Erich Fromm (March 23, 1900 – March 18, 1980) was an internationally renowned German-American psychologist and humanistic philosopher. His psychological theories, although originating in Freudian psychoanalysis, focused on the self as a social being, using the capacity for reason and love to advance beyond instinctive behavior.
Fromm believed that human beings need to be responsible for their own moral decisions, not just adhering to norms imposed by authoritarian systems. In this aspect of his thinking he was influenced by the ideas of Karl Marx—specifically Marx’s early “humanistic” thought—and in his philosophical work he was associated with what became known as the Frankfurt School of critical thinkers. Fromm rejected violence, believing that through empathy and compassion human beings can rise above the instinctive behavior of the rest of nature; this spiritual aspect of his thinking may be a legacy of his Jewish background and Talmudic education, although Fromm did not believe in the traditional Jewish God.
Fromm's chief influence remains in the field of humanistic psychology, even though he dissociated from its founder Carl Rogers. His The Art of Loving remains a popular bestseller as people seek to understand the meaning of "true love," a concept so deep that its surface may be all that that Fromm's work was able to reveal.

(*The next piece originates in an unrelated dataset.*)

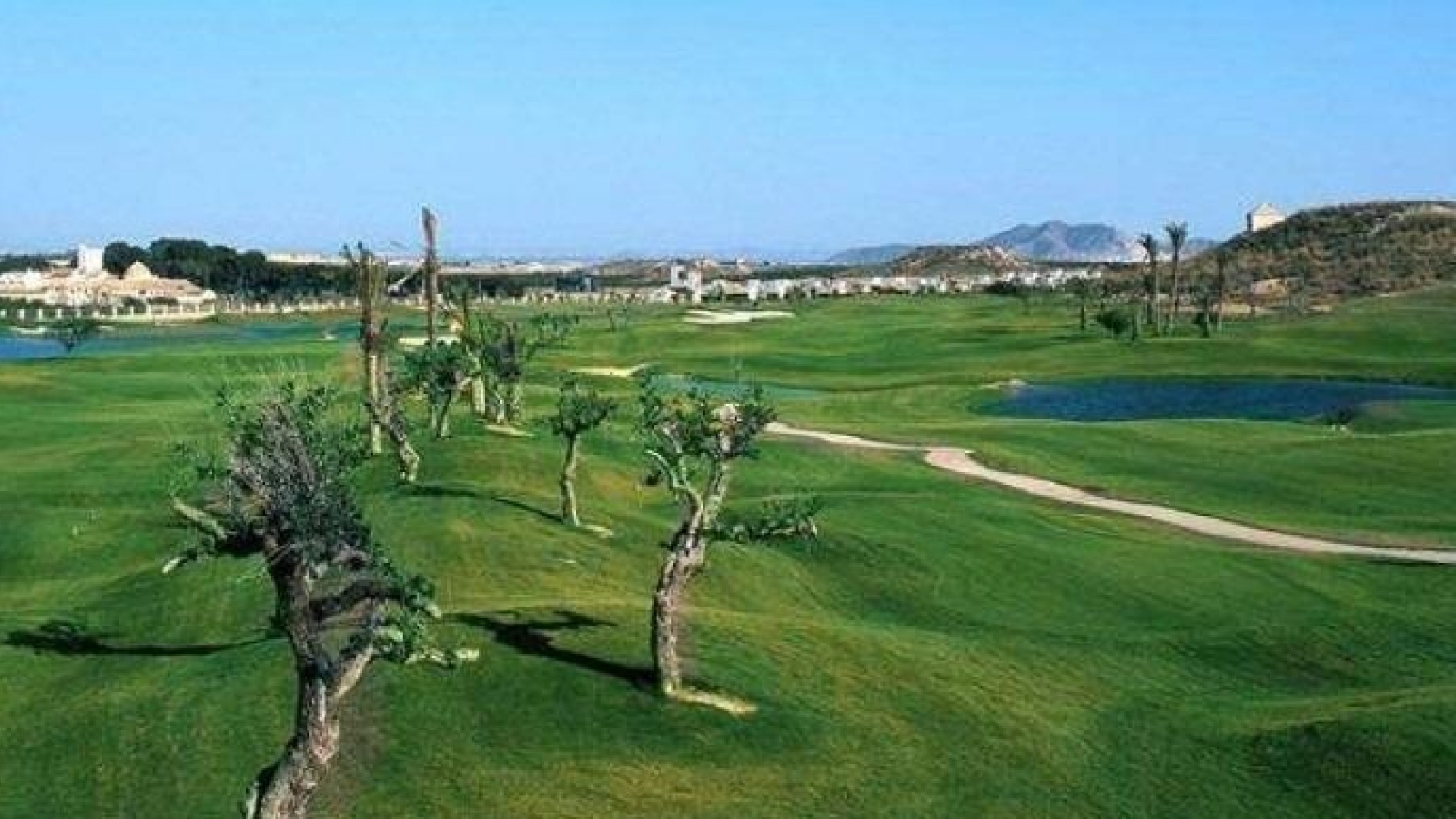 Nouvelle construction - Villa - Sucina - Peraleja Golf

Erich Fromm was born on March 23, 1900, in Frankfurt-am-Main, which at the time was part of the Prussian empire. Erich grew up as an only child in an Orthodox Jewish family. Two of his paternal great-grandfathers and his paternal grandfather were rabbis. His mother's brother was a well-respected Talmudic scholar.

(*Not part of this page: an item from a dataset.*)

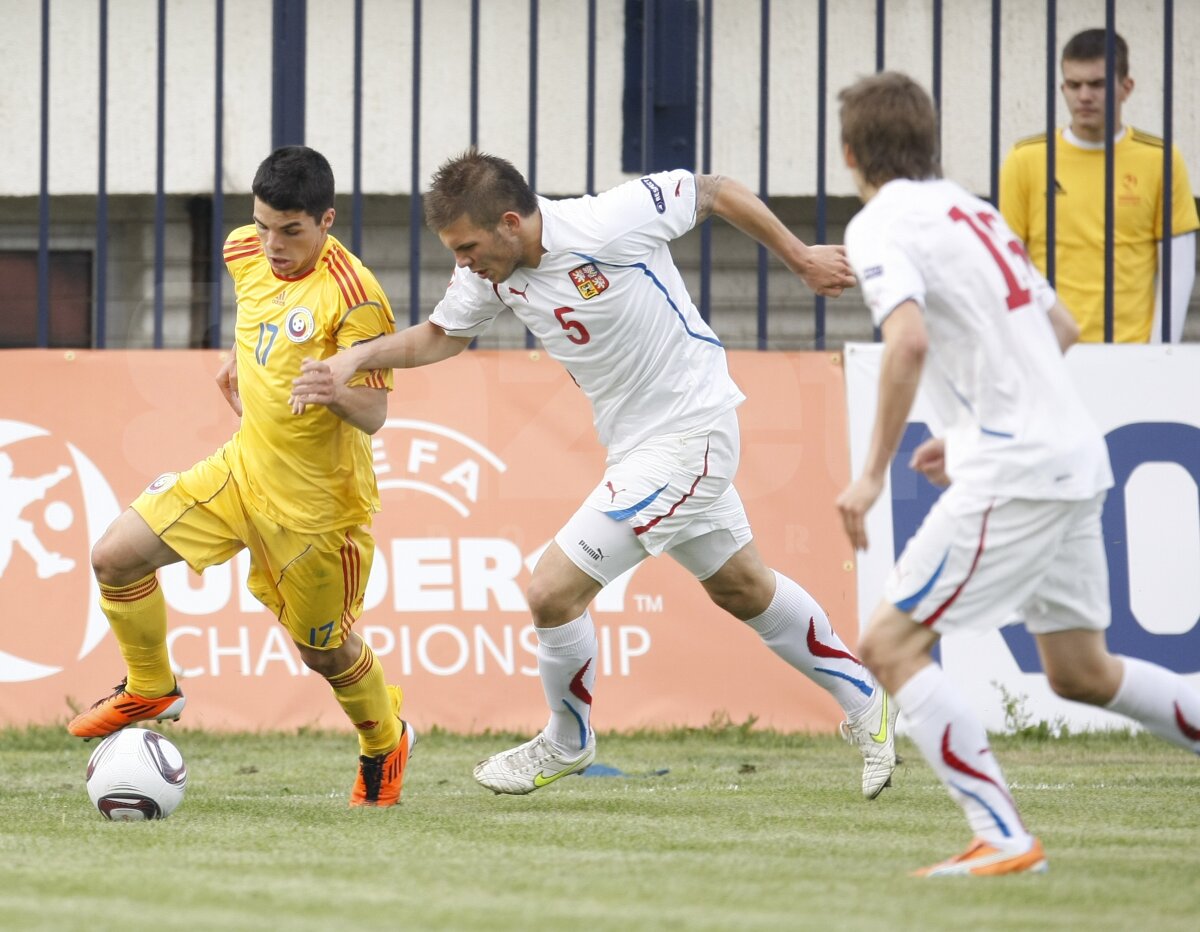 Himcinschi, atacantul minune » "Nu dezarmăm, sîntem în grafic"!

At age 13, Fromm began his Talmudic studies, that would last fourteen years during which time he was exposed to socialistic, humanistic, and Hasidic thought. Though devoutly religious, his family was involved in commerce, as most Jewish families in Frankfurt were. Fromm described his childhood as growing up in two distinct worlds, the traditional Jewish and the modern commercial. By age 26, he rejected religion because he felt it was too divisive. Still, he carried his early memories, impressed with the Talmud's messages of compassion, redemption, and messianic hope.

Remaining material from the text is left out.